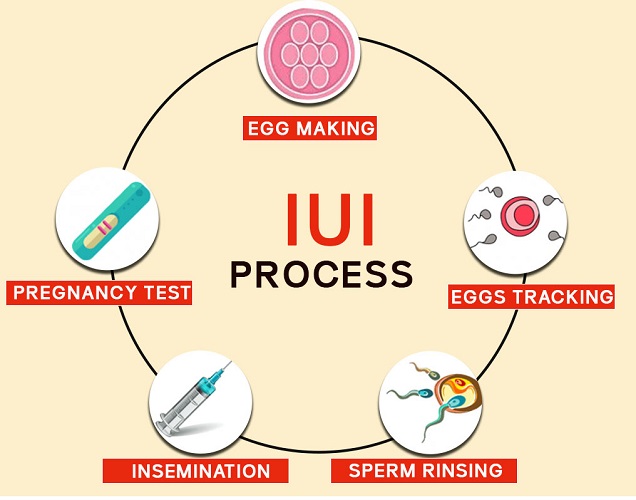 IUI-treatment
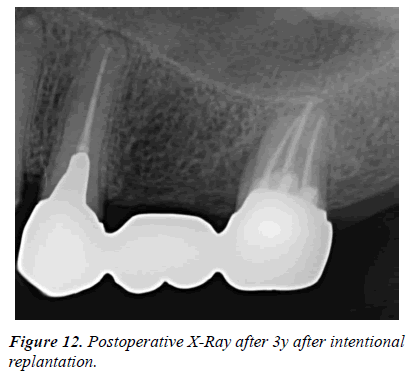 clinical-dentistry-Postoperative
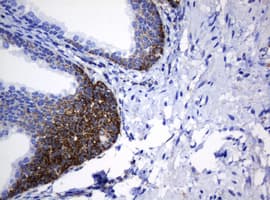 Monoclonal Mouse anti-Human NDUFB10 Antibody (clone OTI2G1, IHC, WB)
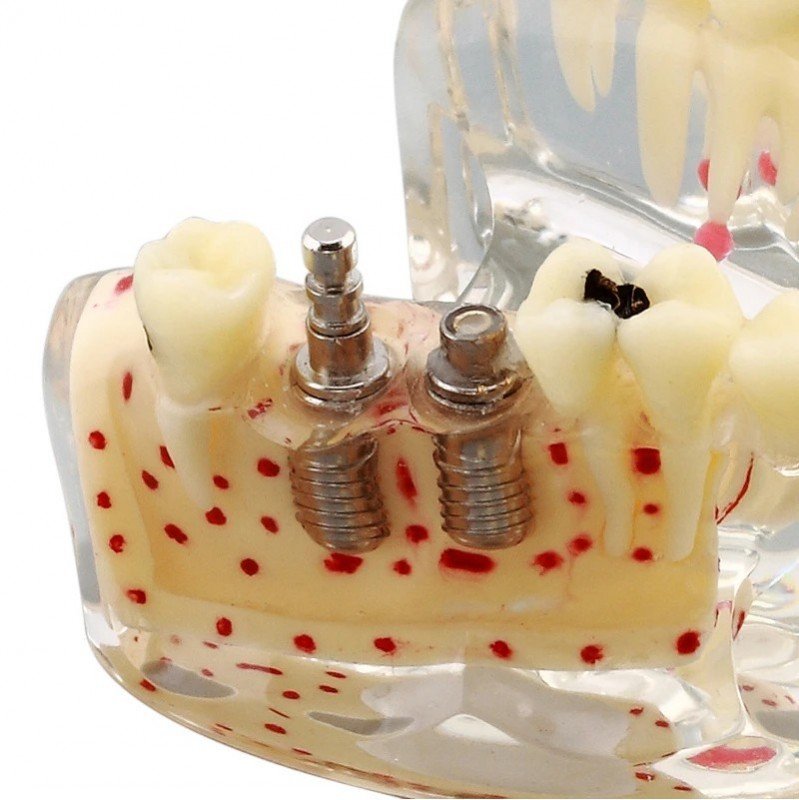 Implant Model with Caries and Root Fracture - Image 4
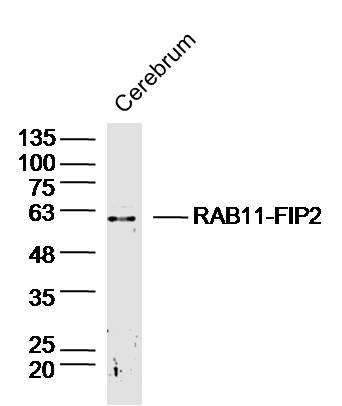 Mouse cerebrum lysates probed with RAB11-FIP2 Polyclonal Antibody, Unconjugated (bs-19705R) at 1:300 dilution and 4˚C overnight incubation. Followed by conjugated secondary antibody incubation at 1:10000 for 60 min at 37˚C.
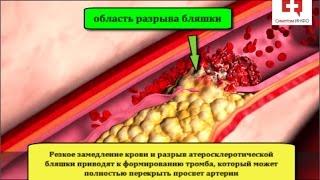 Ишемическая болезнь сердца и стенокардия: механизм, локализация боли и причина инфаркта миокарда
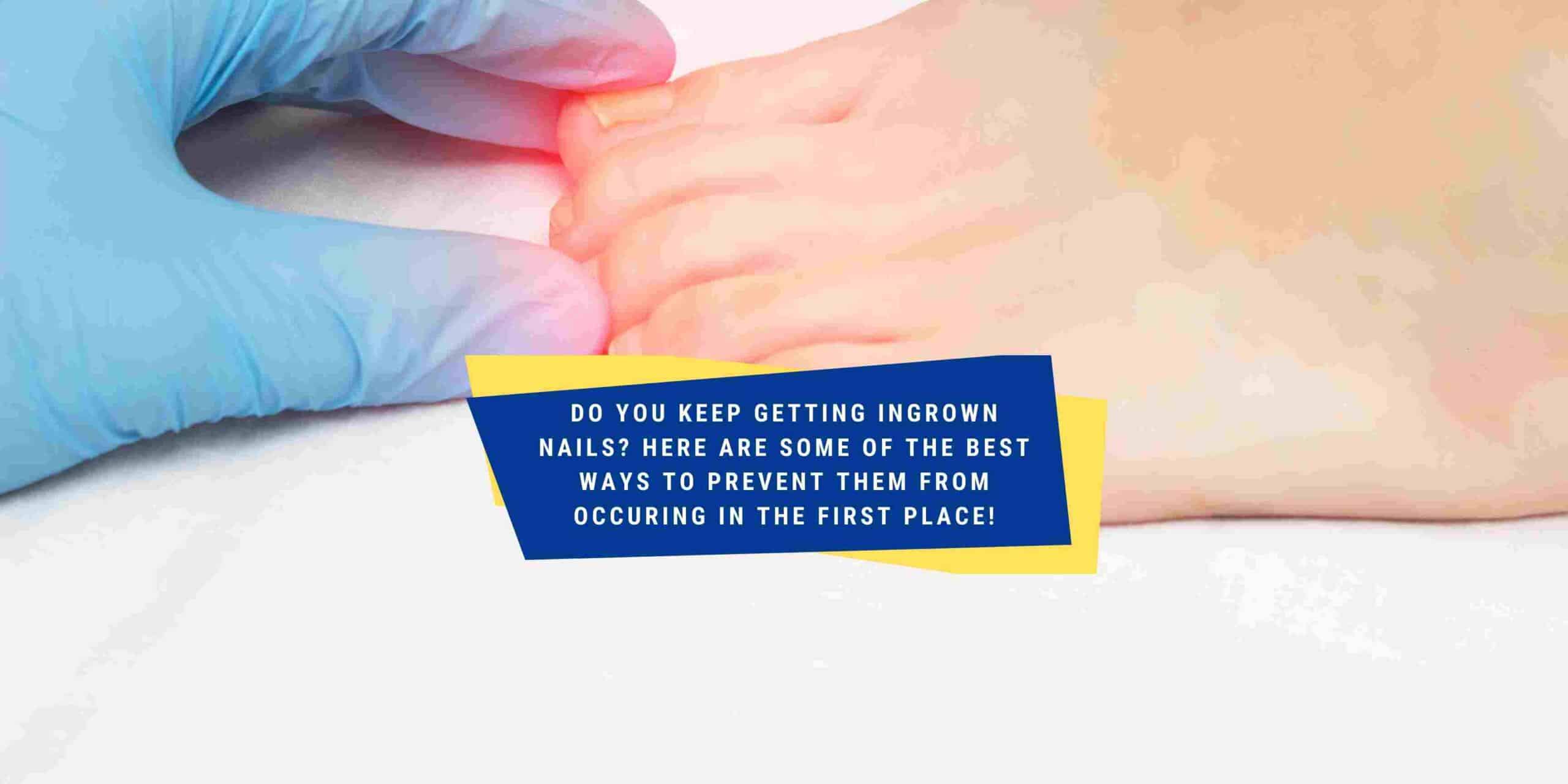 How to Prevent Ingrown Nails?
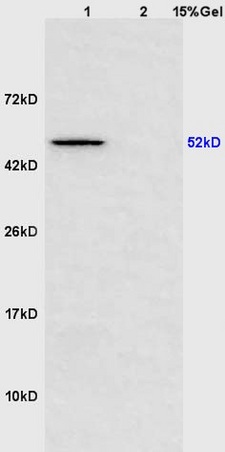 Lane 1: mouse heart lysates Lane 2: mouse brain lysates probed with Anti Scavenger Receptor BII Polyclonal Antibody, Unconjugated (bs-7545R) at 1:200 in 4˚C. Followed by conjugation to secondary antibody (bs-0295G-HRP) at 1:3000 90min in 37˚C. Predicted band 52kD. Observed band size: 52kD.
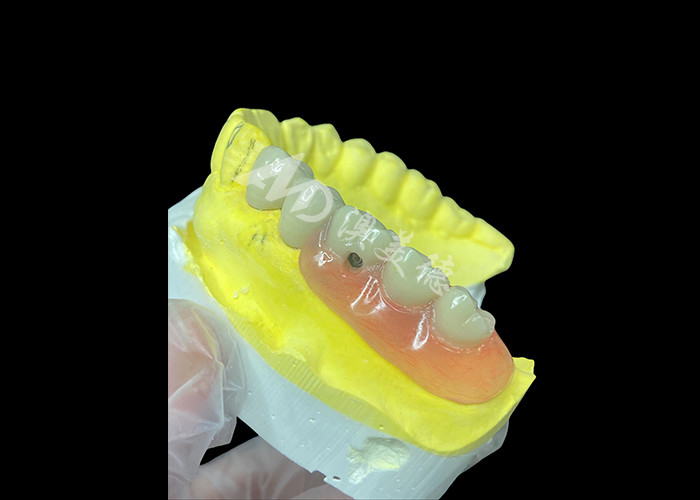 Combinación de PFM personalizada y dentaduras extraíbles La solución definitiva para la comodidad y la estética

▸ EXERCISE: Where the line containing "Mouse cerebrum lysates" appears in the records above, begin copying and continue exactly through the last line, with nothing else; omit every picture.

▸ FINISHED TASK:
 Mouse cerebrum lysates probed with RAB11-FIP2 Polyclonal Antibody, Unconjugated (bs-19705R) at 1:300 dilution and 4˚C overnight incubation. Followed by conjugated secondary antibody incubation at 1:10000 for 60 min at 37˚C.
 Ишемическая болезнь сердца и стенокардия: механизм, локализация боли и причина инфаркта миокарда
 How to Prevent Ingrown Nails?
 Lane 1: mouse heart lysates Lane 2: mouse brain lysates probed with Anti Scavenger Receptor BII Polyclonal Antibody, Unconjugated (bs-7545R) at 1:200 in 4˚C. Followed by conjugation to secondary antibody (bs-0295G-HRP) at 1:3000 90min in 37˚C. Predicted band 52kD. Observed band size: 52kD.
 Combinación de PFM personalizada y dentaduras extraíbles La solución definitiva para la comodidad y la estética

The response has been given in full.